- **Exercise description**:
Print the listing below a second time, exactly, and omit its images.

START Collected material

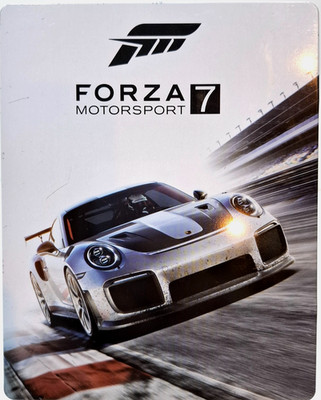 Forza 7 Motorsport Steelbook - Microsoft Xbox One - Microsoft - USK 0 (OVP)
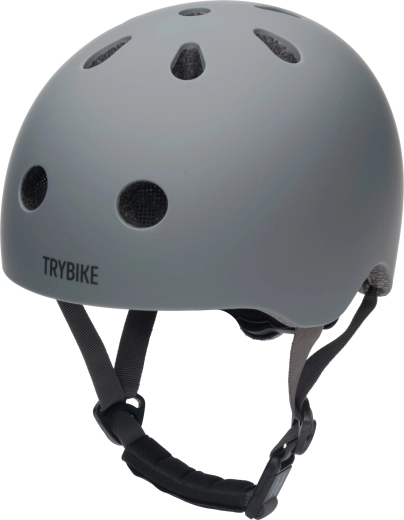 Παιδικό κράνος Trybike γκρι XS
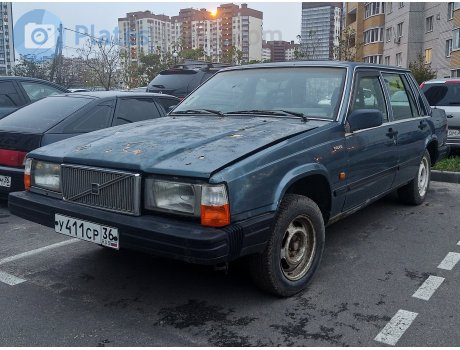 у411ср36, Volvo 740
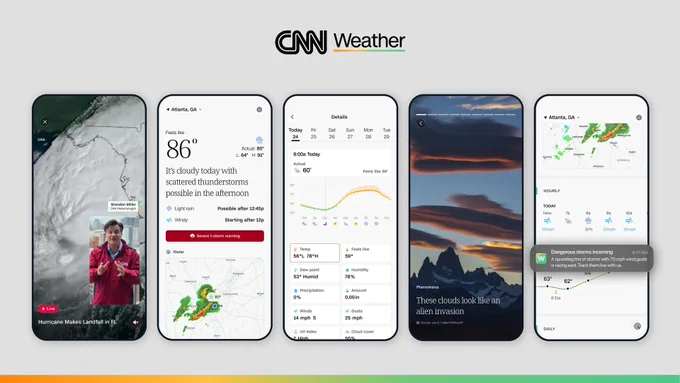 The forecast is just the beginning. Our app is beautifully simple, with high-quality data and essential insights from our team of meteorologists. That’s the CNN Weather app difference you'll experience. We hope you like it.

END Collected material

- **Answer section**:
 Forza 7 Motorsport Steelbook - Microsoft Xbox One - Microsoft - USK 0 (OVP)
 Παιδικό κράνος Trybike γκρι XS
 у411ср36, Volvo 740
 The forecast is just the beginning. Our app is beautifully simple, with high-quality data and essential insights from our team of meteorologists. That’s the CNN Weather app difference you'll experience. We hope you like it.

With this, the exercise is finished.